First published in 1868, Little women is a story about an American family that follows the lives of four sisters, Meg, Jo, Amy and Beth. The story takes the reader through the span of their childhood till they reach motherhood. The four sisters are in no way flawless. While Jo is a literary genius, she is wild and possessive, Meg is a hopeless romantic who has frequent yearnings for luxury and is plagued by greed. Amy is an epitome of elegance who is fascinated by art, however, she is selfish. And Beth is a model child and is too kind for her own good. These girls, although they lack money, possess an abundance of love from their mother and father. These supportive and loving parents guide them through their journey with righteous teachings in times of distress and correct them when they are wrong. This family is an example of happiness for their neighbor, Laurie, a young boy who lives with his grandfather and longs for some company. He is soon welcomed as a part of the March family and becomes Jo March’s best friend and a son to Mrs. March. Hence, begins their adventure.
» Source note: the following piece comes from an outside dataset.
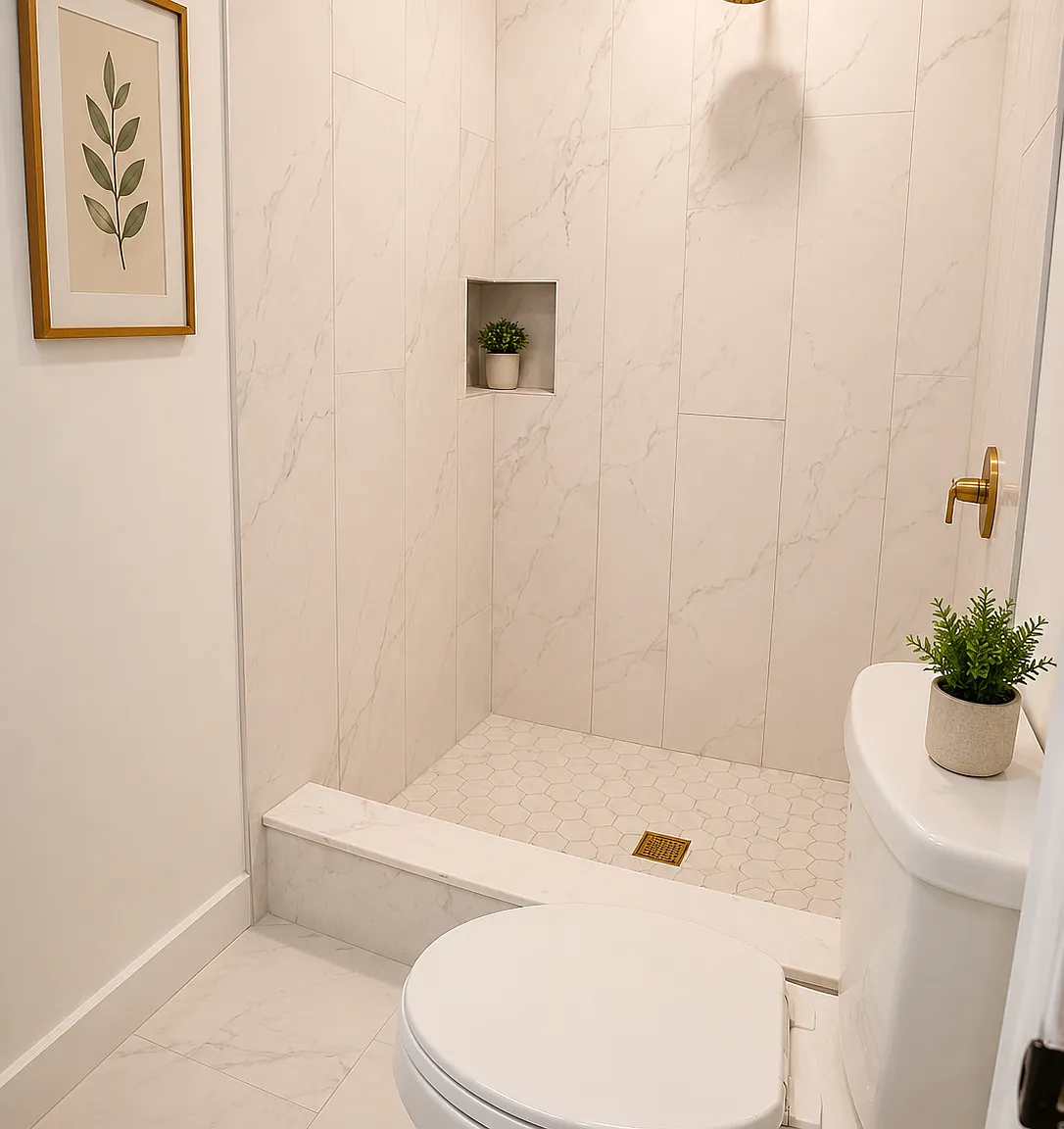 1 bed, $1,600 — Photo 4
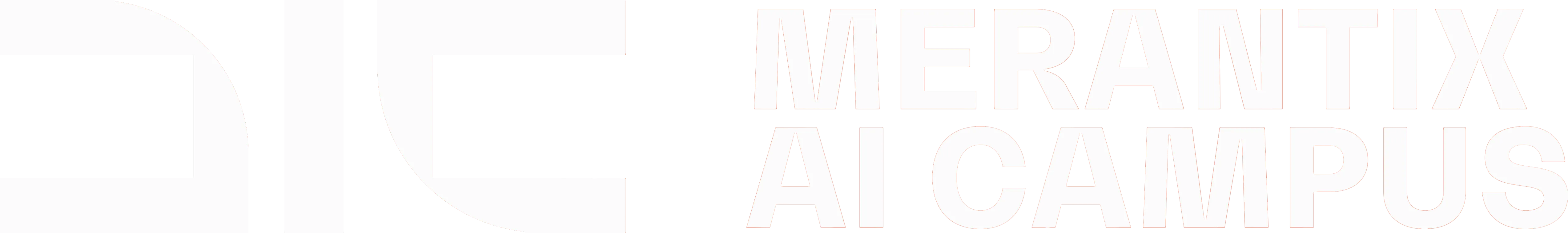 Merantix AI Campus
There are various good things about this book. First is character development. As the book progresses, these flawed little girls bloom into beautiful and respectable young women. Reading about their lives and watching them grow makes the reader develop a warm affection towards each one of them. Second is writing. The writing style is moralistic and righteous. Although not poetic, it is very touching and empowering. It can get dense at times but reading about the characters and their feelings only adds to the reader’s experience. It may seem like you don’t care for the characters but towards the end, the writing makes you realize how much you actually do. The pacing of the book is slow and it may take a while for a while to get invested in the book, however, it is quite worth it.
If I have to pick one bad thing about the book, I would say that in the beginning, as one is still getting used to the writing style, some passages may feel too preachy. The imperfections in the young girls may come off as annoying. However, their growth is worth sticking for.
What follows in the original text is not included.